_Data provided_.
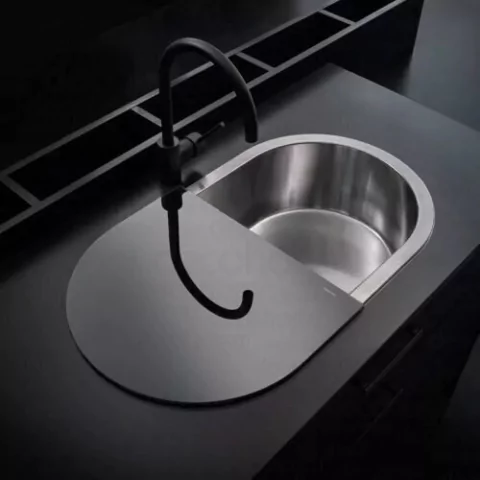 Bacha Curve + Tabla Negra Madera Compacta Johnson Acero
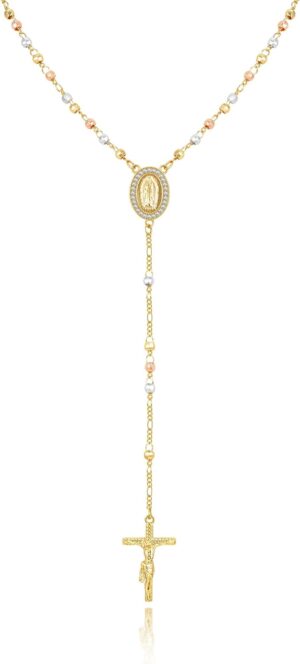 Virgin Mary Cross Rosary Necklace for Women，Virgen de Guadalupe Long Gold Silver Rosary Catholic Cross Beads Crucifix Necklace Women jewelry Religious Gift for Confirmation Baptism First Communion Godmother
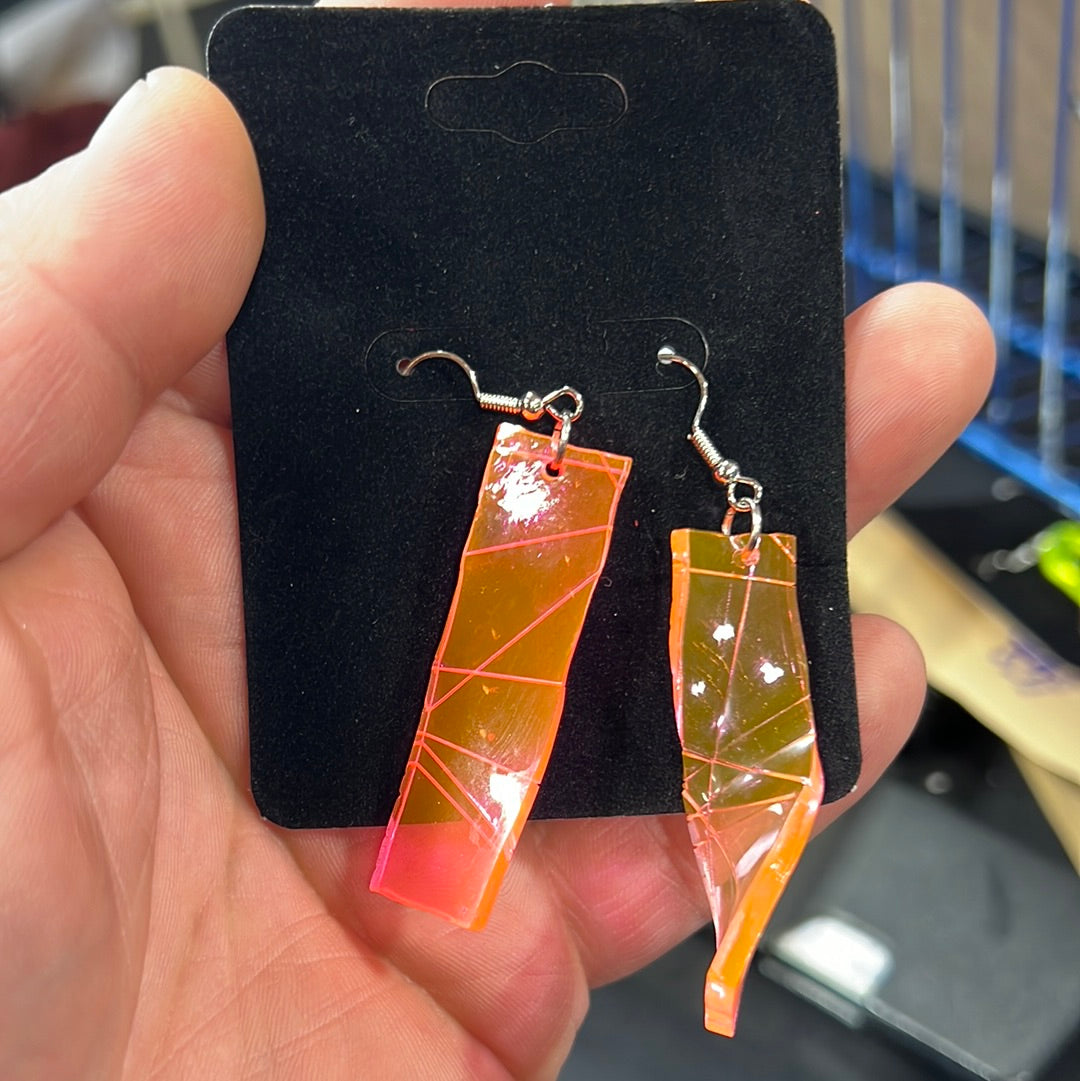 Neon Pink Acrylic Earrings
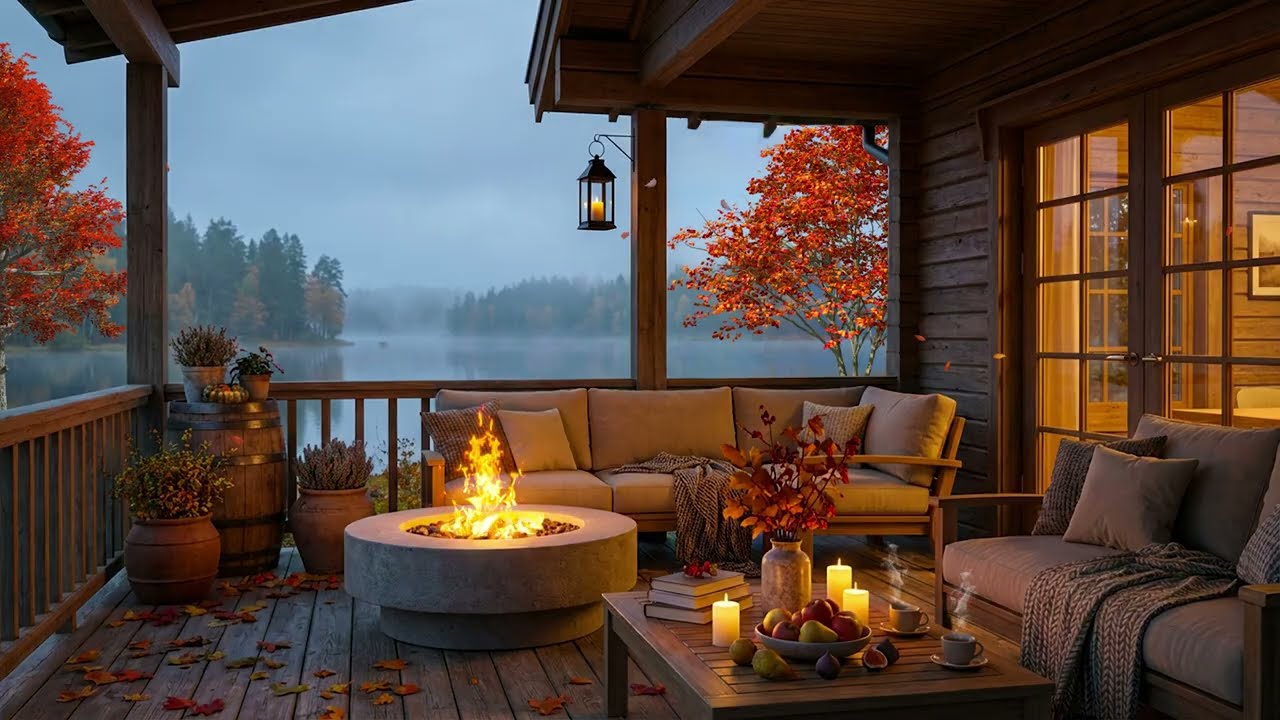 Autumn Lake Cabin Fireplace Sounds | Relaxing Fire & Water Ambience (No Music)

* * *

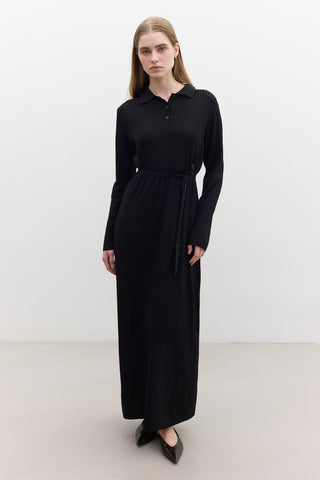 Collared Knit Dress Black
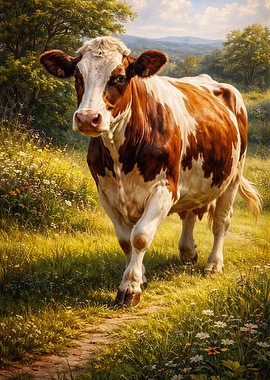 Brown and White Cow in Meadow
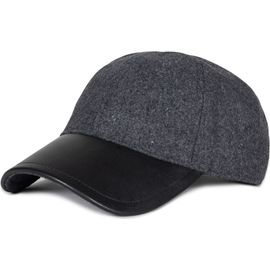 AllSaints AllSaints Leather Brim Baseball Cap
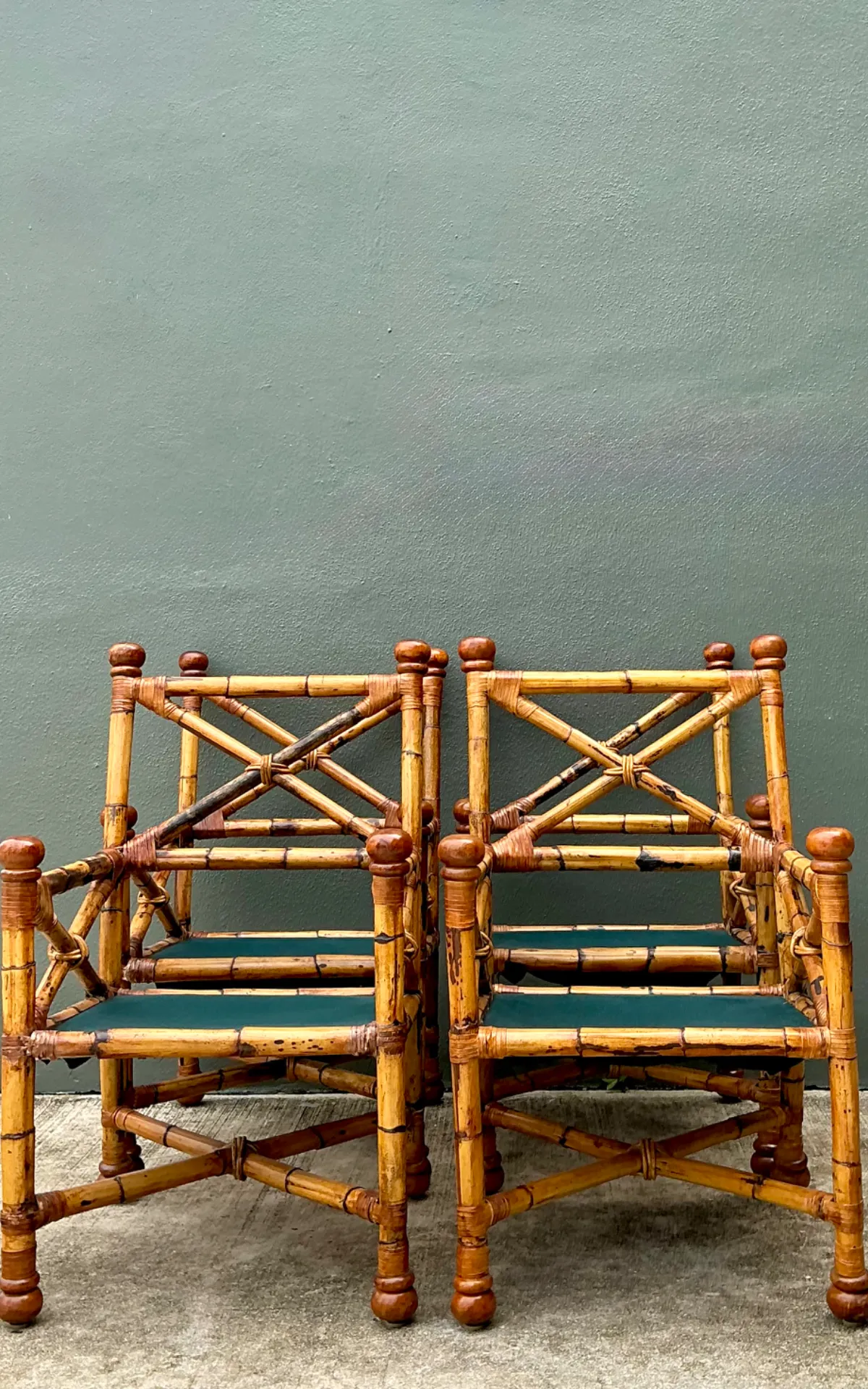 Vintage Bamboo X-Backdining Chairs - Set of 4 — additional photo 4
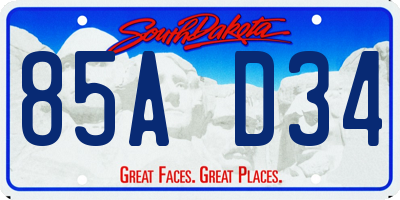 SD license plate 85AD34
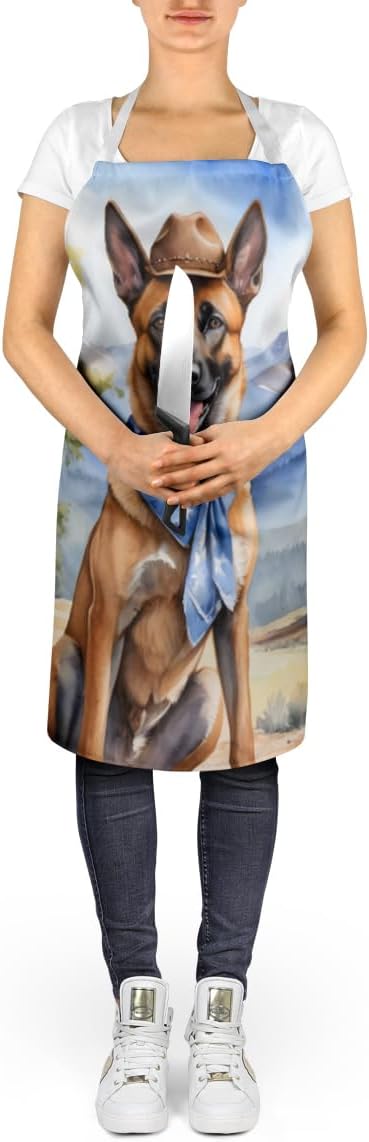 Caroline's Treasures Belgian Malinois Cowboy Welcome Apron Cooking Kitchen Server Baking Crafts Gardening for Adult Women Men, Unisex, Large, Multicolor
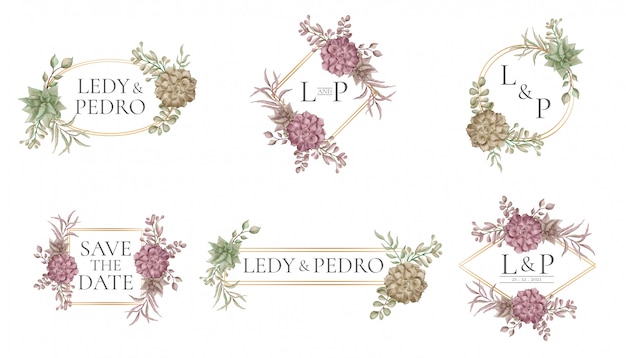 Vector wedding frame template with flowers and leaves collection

_Work order_.
Would you write out exactly the lines above, starting at the line containing "Caroline's Treasures Belgian" and stopping after the line containing "Vector wedding frame"? Omit the pictures.

_Solution for this exercise_.
 Caroline's Treasures Belgian Malinois Cowboy Welcome Apron Cooking Kitchen Server Baking Crafts Gardening for Adult Women Men, Unisex, Large, Multicolor
 Vector wedding frame template with flowers and leaves collection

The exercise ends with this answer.